▶ **Directions for this task**:
Would you transcribe only the lines from the one holding "Nexgen Outfitters Liberty" through the end of the material, exactly, without any pictures?

▶ **Dataset extract**:
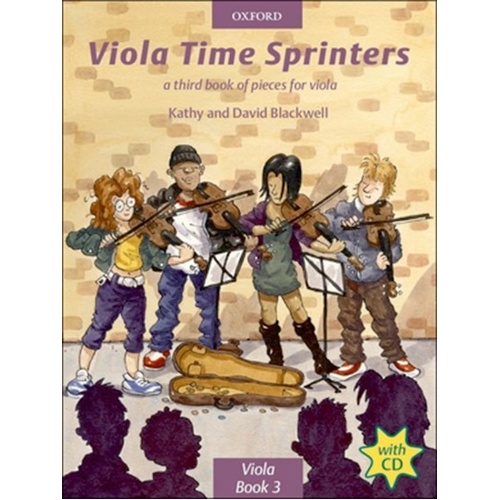 Viola Time Sprinters Book with CD by David & Kathy Blackwell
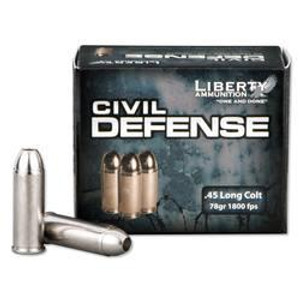 Liberty Ammunition Civil Defense 45 Colt (Long Colt) 78gr Fragmenting Hollow Point Lead Free 20Rnd Handgun Ammo Nexgen Outfitters Liberty Ammunition Civil Defense 45 Colt (Long Colt) 78gr Fragmenting Hollow Point Lead Free 20Rnd Handgun Ammo Nexgen Outfitters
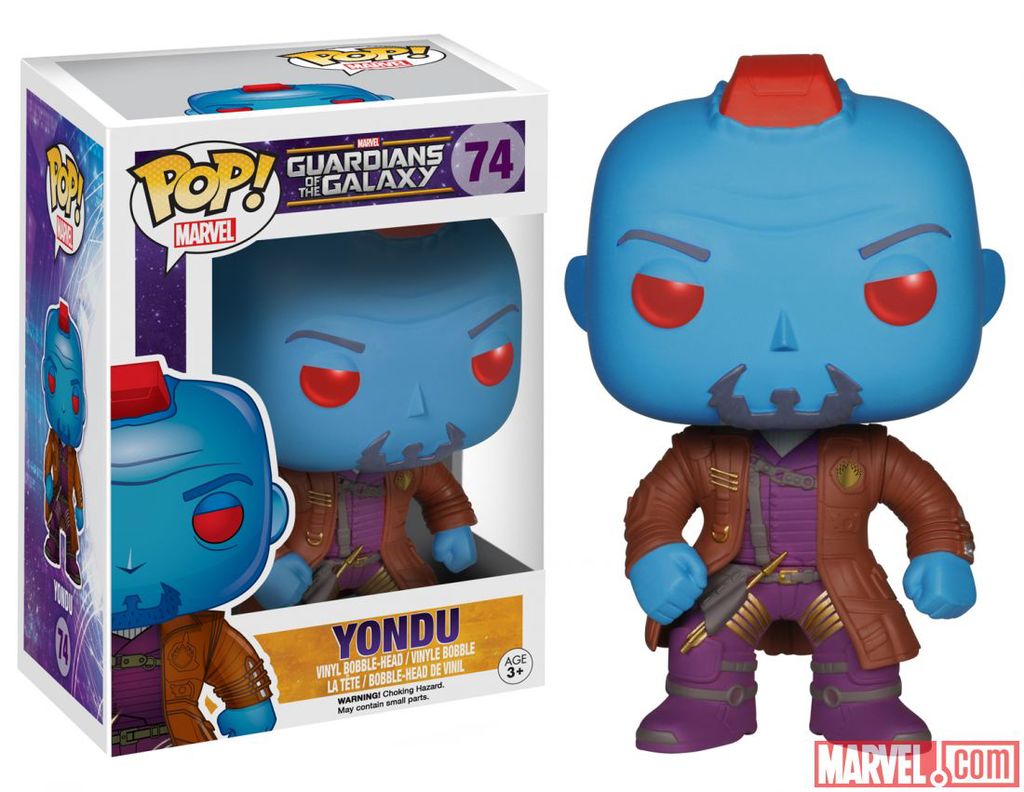 FUNKO POP! Vinyl Bobble-Head Marvel RARE Guardians of the Galaxy #74 Yondu [VAULTED]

▶ **Response box**:
 Liberty Ammunition Civil Defense 45 Colt (Long Colt) 78gr Fragmenting Hollow Point Lead Free 20Rnd Handgun Ammo Nexgen Outfitters Liberty Ammunition Civil Defense 45 Colt (Long Colt) 78gr Fragmenting Hollow Point Lead Free 20Rnd Handgun Ammo Nexgen Outfitters
 FUNKO POP! Vinyl Bobble-Head Marvel RARE Guardians of the Galaxy #74 Yondu [VAULTED]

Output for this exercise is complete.